President Abdel-Fattah El-Sisi and International Monetary Fund (IMF) Managing Director Kristalina Georgieva
Talks are expected to focus on Egypt’s macroeconomic stabilization efforts, progress on structural reforms, and steps taken since the last disbursement.
Under the first four EFF reviews, Egypt received approximately $3.2 billion of the total $8 billion. Completion of the two EFF reviews and the RSF review is expected to unlock nearly $2.5 billion more for the country.
The two EFF reviews are being conducted together, as the IMF stated that more time is needed to finalize key policy measures, especially those related to empowering the private sector and increasing its role in the economy.
The IMF visit comes as Egypt continues to implement its commitments under the EFF, including a tight monetary policy, exchange-rate flexibility, and stronger fiscal measures to address accumulated imbalances
The IMF noted that Egypt has advanced its monetary tightening. Since the programme’s approval in December 2022, the Central Bank of Egypt (CBE) has raised its policy rate and maintained a restrictive stance to reduce inflation and restore credibility.
Monetary and exchange-rate reforms under review
The discussions are expected to focus on Egypt’s adherence to a flexible exchange-rate regime, a central pillar of the EFF.
Over the past three years, Egypt has allowed the pound to adjust more freely to correct external imbalances and rebuild reserves. Since late 2022, the Egyptian pound has lost over 60 percent of its value against major currencies, mainly the US dollar.
The IMF team will also assess whether monetary policy remains tight enough to anchor inflation expectations and support disinflation. The CBE has committed to avoiding monetary financing, improving liquidity management, and strengthening policy transmission.
The CBE has begun easing monetary tightening cautiously, cutting the policy rate four times in 2025 to 6.25 percent, down from 19 percent (1,900 basis points) since 2022.

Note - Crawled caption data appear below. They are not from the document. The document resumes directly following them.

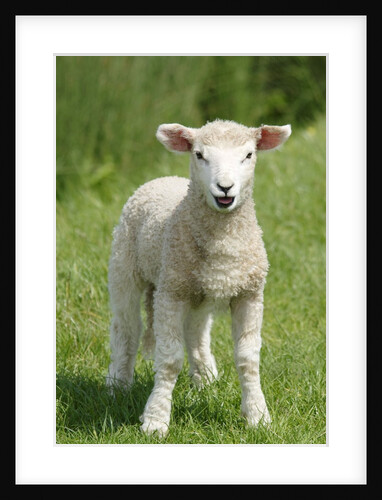 Lamb Bleating by Anonymous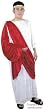 Adult Roman Caesar Costume (Size:Medium 40-42)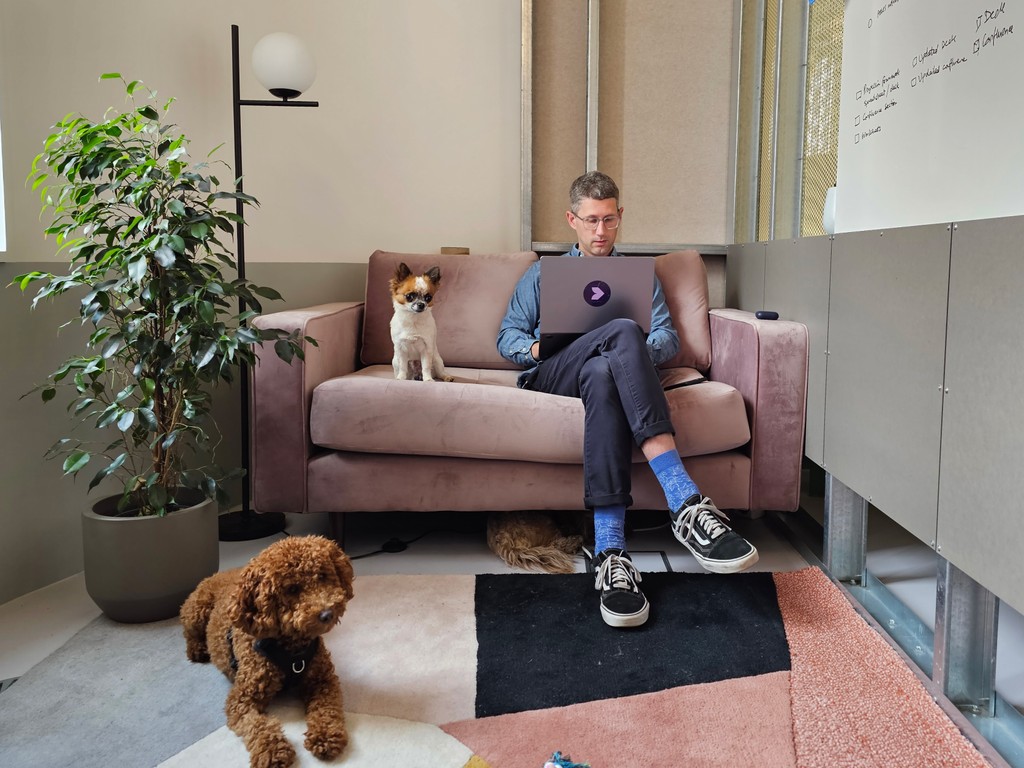Stephen sitting on the sofa in the Cosmic office working on his laptop with two dogs lounging near him
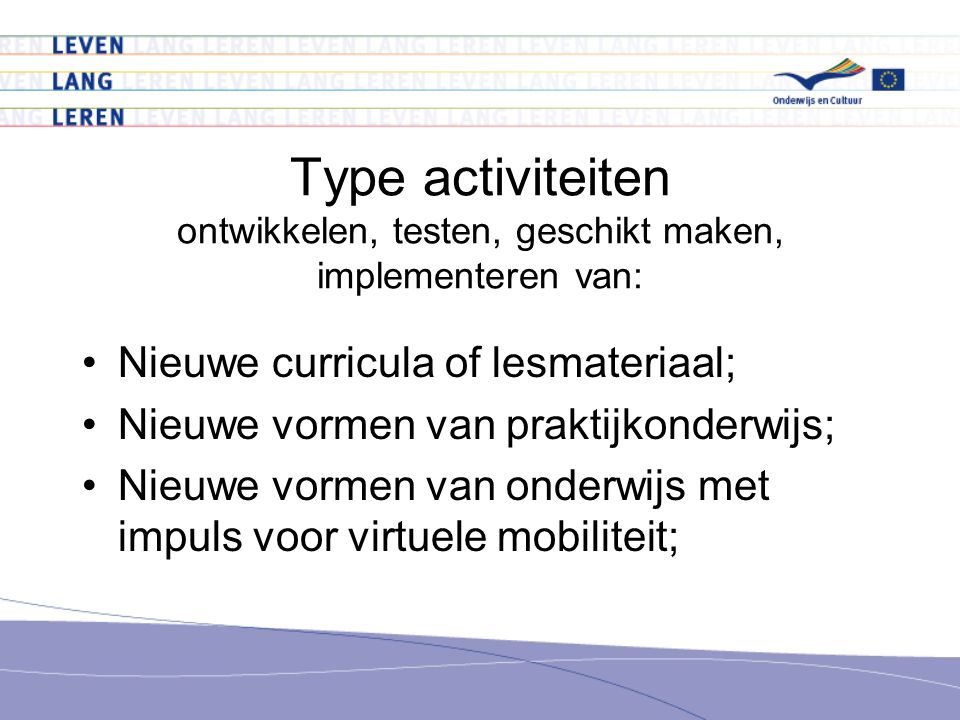 Type activiteiten ontwikkelen, testen, geschikt maken, implementeren van: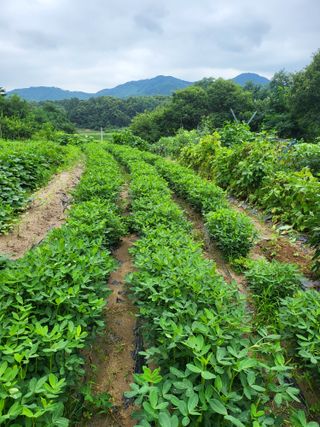 이서울비님의 자유주제 · 자유게시판 작성글 사진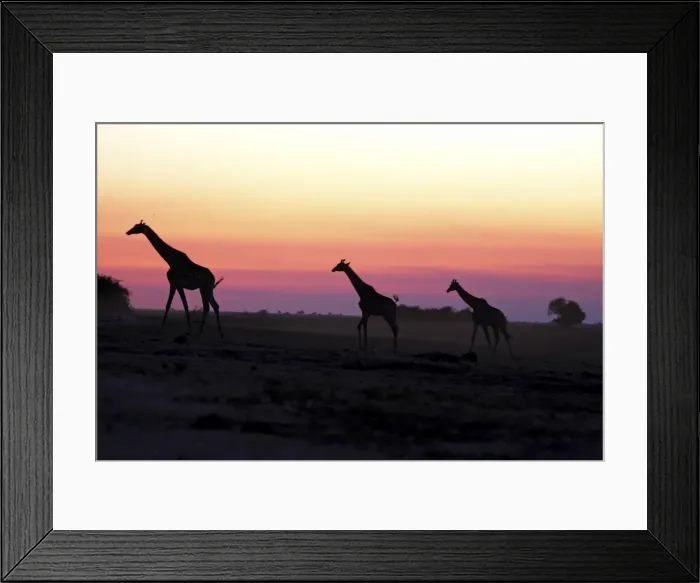 Framed Print : giraffe herd at sunset, Chobe NP, Botswana Framed Print : giraffe herd at sunset, Chobe NP, Botswana
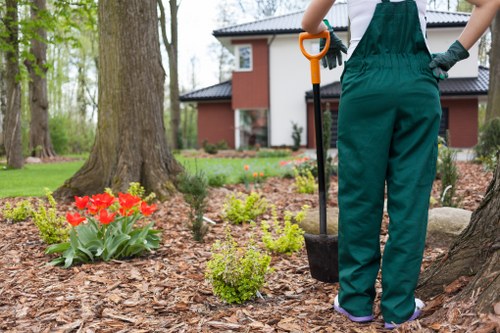 Professional tree surgery work in a residential Pinner landscape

Fiscal performance and debt dynamics
Fiscal consolidation is another key area under review, including Egypt’s commitment to achieving a primary surplus and reducing public debt vulnerabilities. Measures include improving revenue collection, rationalizing expenditures, and prioritizing social protection.
Debt sustainability remains a central benchmark for the EFF reviews. The IMF is expected to evaluate progress in managing public debt, enhancing transparency, and addressing elevated financing needs.
Meanwhile, Egypt’s finance ministry reported in its Financial Monthly Report on Sunday that the budget faces pressures in FY2025/2026, which started on 1 July 2025, and in FY2024/2025, particularly regarding the budget deficit, interest payments, and debt levels.
State-owned enterprise reform and private sector
Structural reforms, including those linked to the State Ownership Policy, will also be reviewed. Egypt is committed under the EFF to accelerate governance reforms in state-owned enterprises (SOEs), enhance transparency, and expand private-sector participation.
Progress in the government's asset sale programme and steps toward a competitive framework will be discussed.
The review will address the slowdown in executing the divestment plan, including the initial public offering (IPO) programme covering more than 40 SOEs to be offered wholly or partially to private investors. Half of the proceeds are intended to reduce public debt under the EFF.
Egypt has issued three follow-up reports on the State Ownership Policy since late 2022, with the latest published in August 2025.
In September, the government introduced a State Ownership Policy Index to track progress in empowering the private sector and redefining the state’s economic role.
Two additional EFF reviews remain after the fifth and sixth reviews. The seventh review is scheduled for March 2026, and the eighth for November 2026 (delayed from September), following a government request to extend the programme. These two tranches are valued at over $2.5 billion.
Climate-linked commitments under RSF
For the first RSF review, the IMF will examine progress on climate-related commitments, including measures to enhance resilience, strengthen climate governance, and support the green transition.
The review emphasizes aligning public investment with climate objectives and integrating climate risks into fiscal planning.
A tranche of $2 million is expected to be disbursed upon completion of the RSF review to implement two programme measures.